「じゃあ、もう1回キスしてやろうか?」


「はっ?」


「なぁ、睦美・・・・・・」


顔がどんどん近付いてくる・・・しかも艶っぽい目で。


いや、ここじゃまずいから!


もうすぐ御両親が戻って来るやん!


あっ、広いからまだ時間がかかる?


・・・・・・そういう問題じゃない!!



自分の中でいろいろ考えていたが、全く口にはできず、彼から離れようと後ずさりした。



「しゅ・・・瞬さん・・・ここじゃまずいよ・・・」


ようやく口にできた言葉に対して、彼はクッと口角を上げて悪戯っぽく笑った。



「冗談やって」


・・・・・・また騙された。



そうこうしているうちにリビングのドアが開いたので、私は背筋を伸ばした。



「いらっしゃい、睦美さん」


低くて柔かな声が聞こえたので、私は立ち上がり、「百井睦美です。よろしくお願いします」と深々と頭を下げた。
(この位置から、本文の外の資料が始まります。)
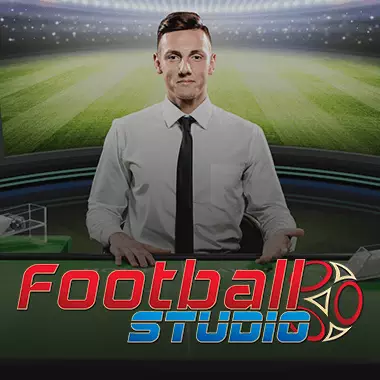 Presentatore in uno studio televisivo per scommesse sportive live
顔を上げてお父様の顔を見ると、ニッコリと笑ってくれていたので安心した。


白髪混じりの髪と整えられた髭が印象的で目元が瞬さんに似ていた。


「俺も帰って来てるんやけど?」


少しムッとした感じで瞬さんが言うと、「お前が、早く睦美さんを連れて来ないからやろ」とお父様は言いながら私達の向かいのソファに座った。


「そうよ、やっと睦美さんに会えて嬉しいわ」


お母様まで後に続いた。


目の前には瞬さんのご両親。緊張のピークのはずが、少し落ち着いてきた。

それは、きっと瞬さんが無理に私をここに連れて来たのではなく、御両親に言われて連れて来てくれたことがわかったからだ。


「本当にかわいいね、睦美さん」


お父様の言葉に「いえ、そんな」としか言うことができなかった。


「立花病院で働いているんやってね。立花院長とは同級生でね、今でもよく飲みに行ったりしてるんだ」


「あっ、そうなんですね!」


そりゃ、同じ市内でいるのだから何らかの接点はあるとは思っていたが、同級生とは思ってもみなかった。


「それに、三谷師長は私の同期なの」


お母様が続いて話した言葉に私は疑問が浮かんだ。


「同期ですか?」


同級生ではなく??


「あっ、睦美言ってなかったかな?母さんは、看護師なんや」


「えっ??」


思わず勢いよく瞬さんの顔を見てしまった。


看護師??聞いたことないし!!


「あら、話してなかったの?」


「あぁ、忘れてた」


忘れてたじゃないし!!


見たことがある気がしていたのは、何かの勉強会でお会いしたことがあるってことじゃないの?すごく失礼やん!


「睦美さんのお話は、三谷さんから聞いてあるの。

ごめんなさいね。

でも、ものすごく優秀で患者さんからの信頼も厚いってべた褒めしてたわよ。

あんな子滅多にいないって」


えっ・・・それって・・・。


「師長さんは、私達のことを知っていたんですか?」


おそるおそる聞くと、隣りの彼はお茶を飲みながら「あぁ、そういうこと」と少しばつが悪そうに言っていた。


あっ、だから師長にはきつく言えないんや・・・。

なるほど。


妙に納得していると、突然話が進み始めた。